The future is quite uncertain on the matters of marriage and religious freedom. Christians — fresh from Pope Francis’ recent call in Laudato Si’ to affirm the intrinsic harmony of the marital alliance between the man and the woman created by God — have a great deal to offer the world. Today’s opinion does not alter our responsibility. It rather increases it.

Helen Alvaré is a law professor at George Mason University.

Majority Opinion
Justice Anthony Kennedy, writing the majority in Obergefell v. Hodges, outlined“four principles and traditions” that allow same-sex couples a Constitutional right to marriage:

1. The right to personal choice. “Decisions about marriage are among the most intimate that an individual can make,” he wrote.
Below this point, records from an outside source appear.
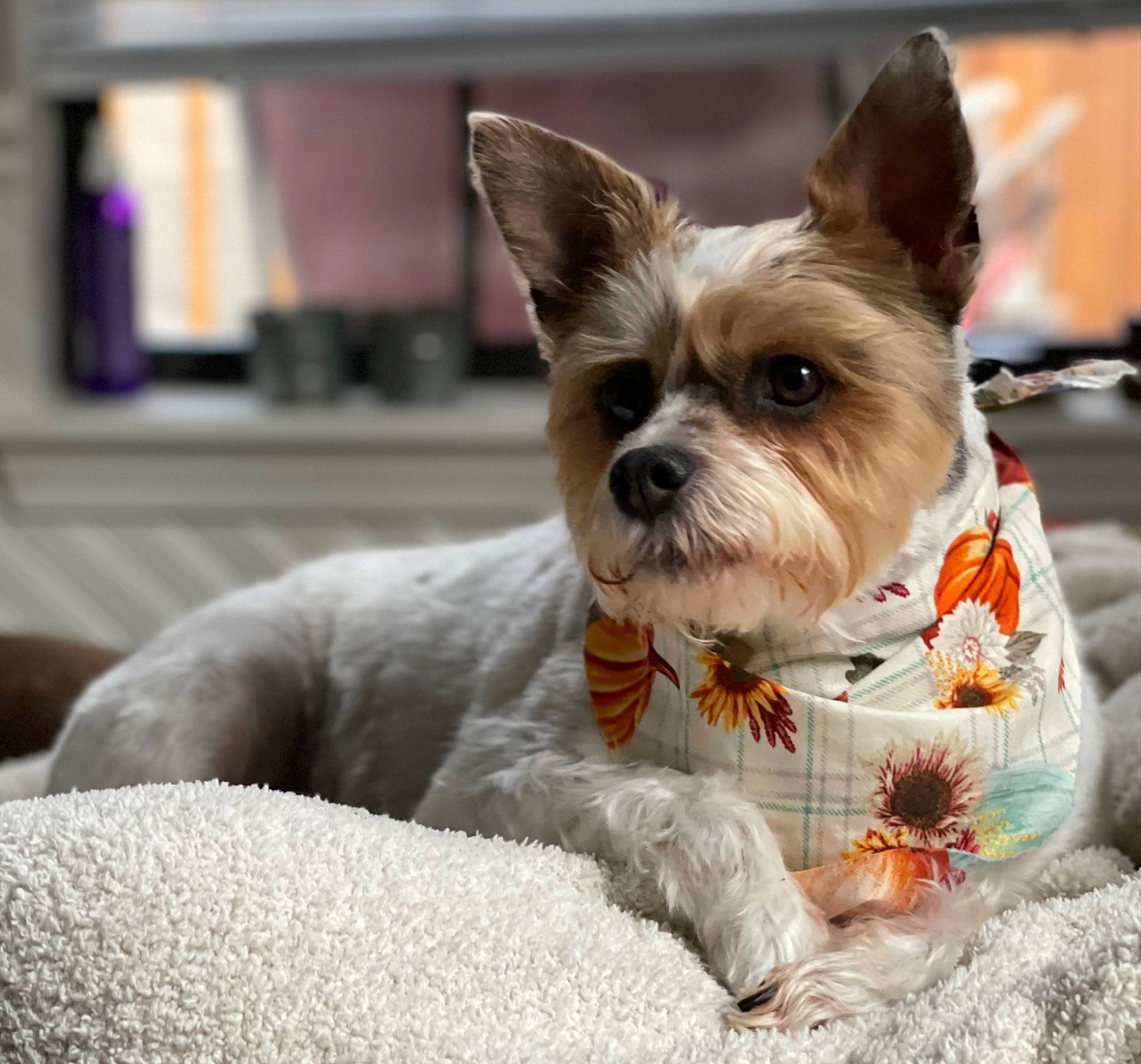 Jupiter is registered to the contest to win money with this photo: canidae, carnivore, collar, comfort, companion_dog, couch, dog, dog_breed, dog_collar, dog_supply, fashion_accessory, fawn, fur, linens, picture_frame, snout, sporting_group, television, toy_dog, working_animal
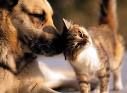 Misure di protezione per gli animali da compagnia: il Ddl all’esame della Camera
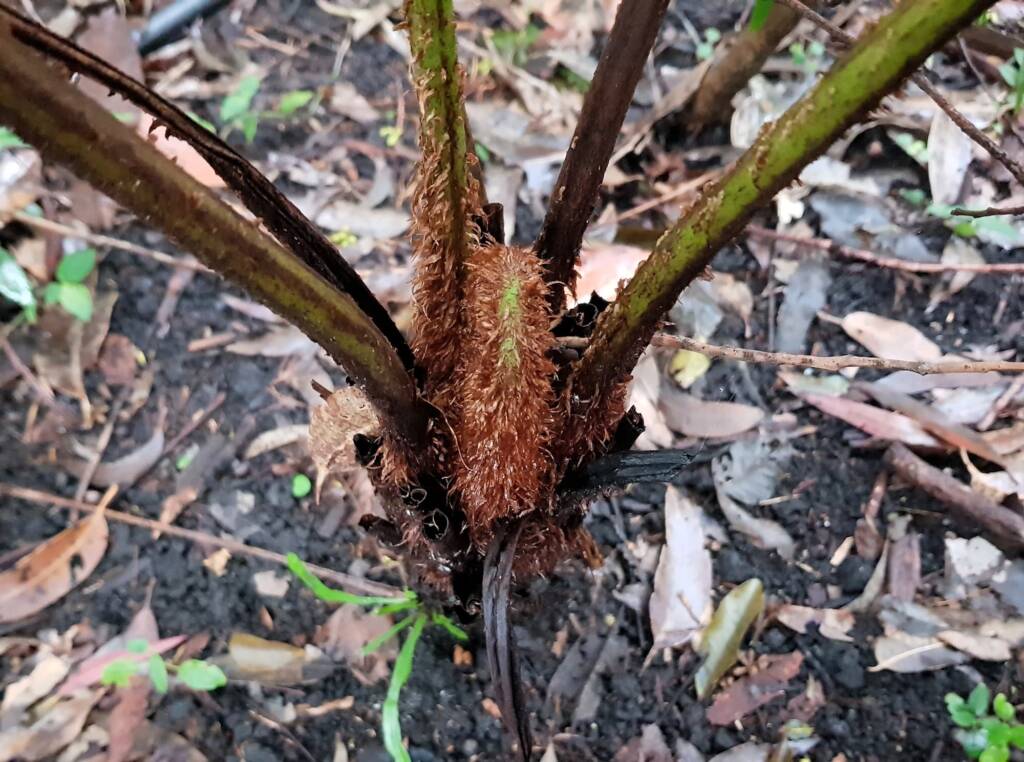Young Rough Tree Fern (Cyathea australis), Stony Range Regional Botanic Garden, Northern Beaches NSW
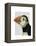 Puffin Portrait-Fab Funky-Framed Stretched Canvas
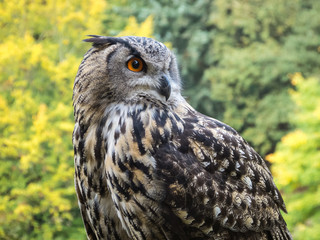 Uhu (Eagle owl, bubo bubo) Portrait, fotografiert in Hamburg, Deutschland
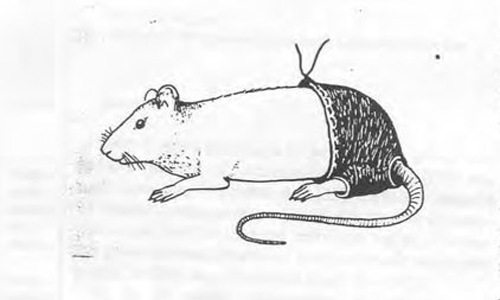 Ig Nobel tái xuất với những giải thưởng "ngược đời" ảnh 1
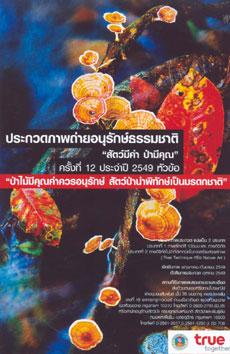 blogmedia-29035.jpg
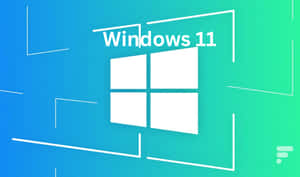 Windows 11 背景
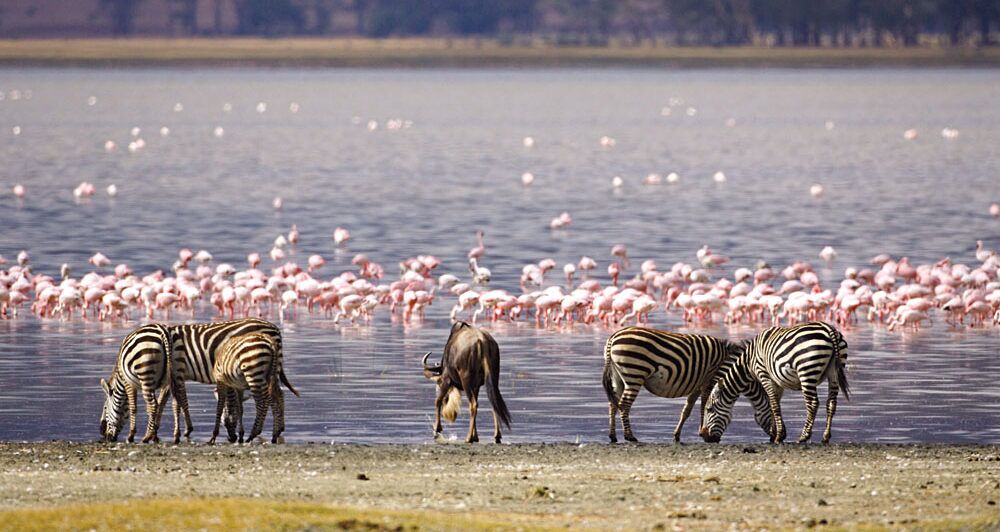 Safari Kenia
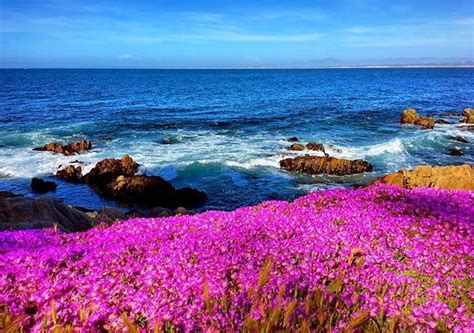 Springtime In Pacific Grove Ice Plant Carpets The Beach Front In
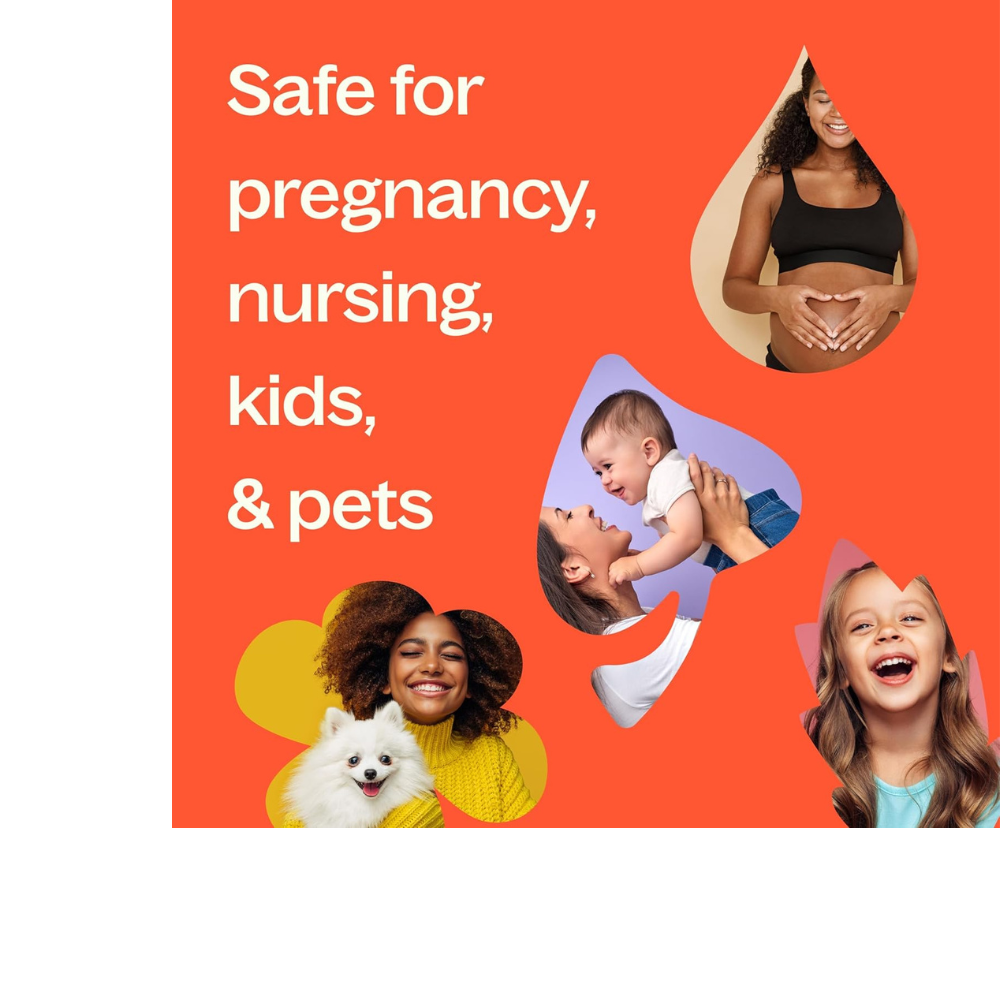 Study Time Roll On Pre-Diluted Essential Oil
2. That marriage “supports a two-person union unlike any other.” “Same-sex couples have the same right as opposite-sex couples to enjoy intimate association,” he wrote.

3. The right to marry “safeguards children and families” and therefore “draws meaning from related rights of child-rearing, procreation and education.” Without this “recognition, stability and predictability marriage offers,” he added, “children suffer the stigma of knowing their families are somehow lesser.”

4. Marriage is “a keystone of the Nation’s social order.” As such, he wrote, it’s “demeaning to lock same-sex couples out” of such a “central institution” of the country.